Two sayings come to mind, “You can’t do everything” and “Variety is the spice of life.”
There is not enough time/energy/money to do everything. Life is short, pick and choose what you do and try to experience all the different things you can.
Once you let go of feeling like you need to do everything it’s liberating. You can make your own path, but still do things you used to do as well.
Accepting the “missing out” part is the hardest battle to overcome, but I like to think of it in terms of active versus passive.
There are only so many minutes during a day and every minute spent doing one thing means that is a minute not doing something else. If I have to choose how to spend one minute or sixty, I choose between active and passive activities. It’s perfectly fine to do a passive activity, but every minute spent in something passive - that is, something that does not require you to entirely engage - is a minute away from something active - that is, something that does require your full engagement.

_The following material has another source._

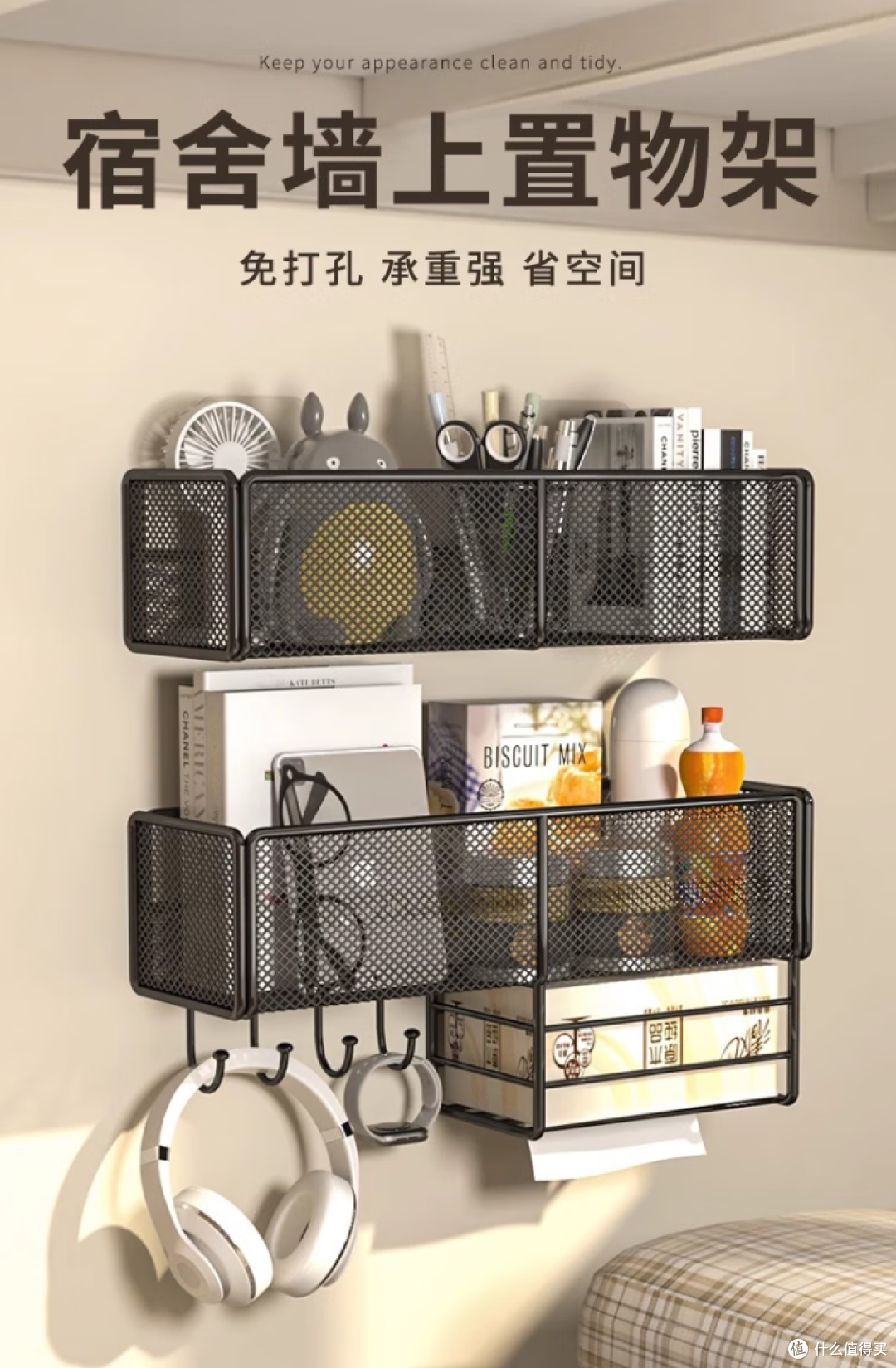 墙面置物架:开学邪修垂直扩展术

Obviously, you can’t spend a full day on “active” activities or you would readily burn out, but life is generally more pleasurable when we engage in something active versus passive. It’s more “doing versus seeing. So, take an hour and watch something on YouTube, but make it a relaxation from a number of active activities rather than endlessly watching without getting anything else out of it.
“It takes all kinds” is something I have remind myself when comparing myself to others. If were all the same we would be collectively lesser for it.
Everything is an opportunity cost. That is, if you’re engaging in YouTube you are missing out on something else. It’s fine if that’s the choice you want to make, but understand that you’re “missing out” on hanging out with friends or reading or video games or calling a family member.
I subscribed to too many YouTubes. Then I tried to watch all the good videos from the YouTubes I was subscribed to.
I can sort of almost keep up? If I go and watch YouTube constantly I can clear like 6 months’ backlog in 2 months. But then at the end of the 2 months I’m like, was all that stuff really any better than the new stuff that’s showing up today? Or than the other stuff I would have been watching or listening to? And the answer is really no.
So I think next time I take an interest in YouTube I’m not going to try and clear the backlog. It’s not like it won’t be there later; if I hear of a great video, I can go and watch it. And anything that won’t be there latter is deliberately designed to exclude me, so why would I want it?
Whatever you decide to participate in, you’re participating in that thing. You can’t actually participate in anything if you keep going around trying to participate in everything at once.